Europe bets billions on a sovereign constellation
The European Commission awarded its IRIS² secure-connectivity concession to the SpaceRISE consortium, a grouping of major European aerospace and telecom firms including Eutelsat, SES, and Airbus. The deal tasks SpaceRISE with building and operating a sovereign satellite constellation designed to serve two purposes: encrypted government communications and commercial broadband for the public, with a specific mandate to extend satellite coverage to rural and remote areas across the EU.
The program carries a reported budget of roughly 6 billion euros, with about 2.4 billion coming from EU funds and the rest from member states and private investment. The European Parliament adopted the IRIS² regulation in February 2023, establishing the legal framework well before the concession was formally awarded in late 2024. First launches are not expected until around 2029, which means the EU faces a significant gap: Starlink already serves customers in dozens of countries, while IRIS² remains on paper.
Key details are still missing from the public record. The exact disbursement schedule for EU funds, the industrial-return commitments that typically dictate how work is shared among member states, and the technical specifications of the planned satellites have not appeared in Commission releases reviewed for this report. Without those figures, it is hard to judge whether IRIS² will concentrate capability in a handful of large contractors or spread investment across Europe’s industrial base. And without a concrete launch timeline, the question of whether IRIS² can meaningfully compete with Starlink’s head start remains open.
Washington opens the door to satellite-to-phone service
On the U.S. side, the Federal Communications Commission adopted its Supplemental Coverage from Space framework in March 2024, and the rule has since entered a new phase of oversight. The GAO confirmed receipt of FCC rule 24-28, titled “Single Network Future: Supplemental Coverage from Space; Space Innovation,” under the Congressional Review Act. That procedural step gives Congress formal oversight authority over a rule that would allow mobile carriers and satellite operators to beam service directly to standard cellphones, filling dead zones where no tower reaches.

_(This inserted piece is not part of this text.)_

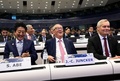 ベルギー首都ブリュッセルの欧州連合（EU）本部で「持続可能な連結性および質の高いインフラに関する欧州・日本パートナーシップ」に関する会合に出席した安倍晋三首相（左）とジャンクロード・ユンケル欧州委員長（中央、2019年9月27日撮影）。(c)JOHN THYS / AFP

The rule did not emerge in a vacuum. T-Mobile and SpaceX have been testing direct-to-cell capability through Starlink satellites, while AST SpaceMobile, partnered with AT&T, has conducted its own orbital tests of broadband-to-phone service. The FCC’s framework is meant to set ground rules for this emerging hybrid of terrestrial and satellite networks, covering issues like spectrum sharing, interference protection, and emergency-service compatibility.
Congress has not yet signaled publicly how it will handle the rule. No hearing records, floor statements, or committee correspondence tied to the submission have appeared in GAO or congressional dockets as of June 2026. The Congressional Review Act allows a defined window for lawmakers to introduce a disapproval resolution, so the silence could mean the rule will take effect without challenge, or it could mean objections are being assembled out of public view. For now, the filing confirms the regulatory process has advanced past the proposal stage, but the political outcome is unresolved.
Starlink’s scale draws independent scrutiny
While governments build frameworks, SpaceX keeps launching. An empirical study published as an arXiv preprint by researchers at the University of Strathclyde tracked Starlink’s constellation deployment, configuration changes, and orbital dynamics using publicly observable data. The researchers documented satellite additions, failure patterns, and altitude adjustments across the network, offering a rare independent look at how rapidly SpaceX has scaled its operations and how it manages hardware that fails or needs repositioning.
That kind of third-party technical analysis matters because SpaceX itself discloses relatively little. The company has not released granular, time-stamped satellite failure and de-orbit statistics to regulators or the public in the sources examined here. Without operator-disclosed data or verification from a body like the FCC or the European Space Agency, the preprint stands as the best available independent evidence of constellation behavior, though it has not undergone formal peer review. Questions about long-term reliability, debris mitigation, and congestion in specific orbital shells remain open.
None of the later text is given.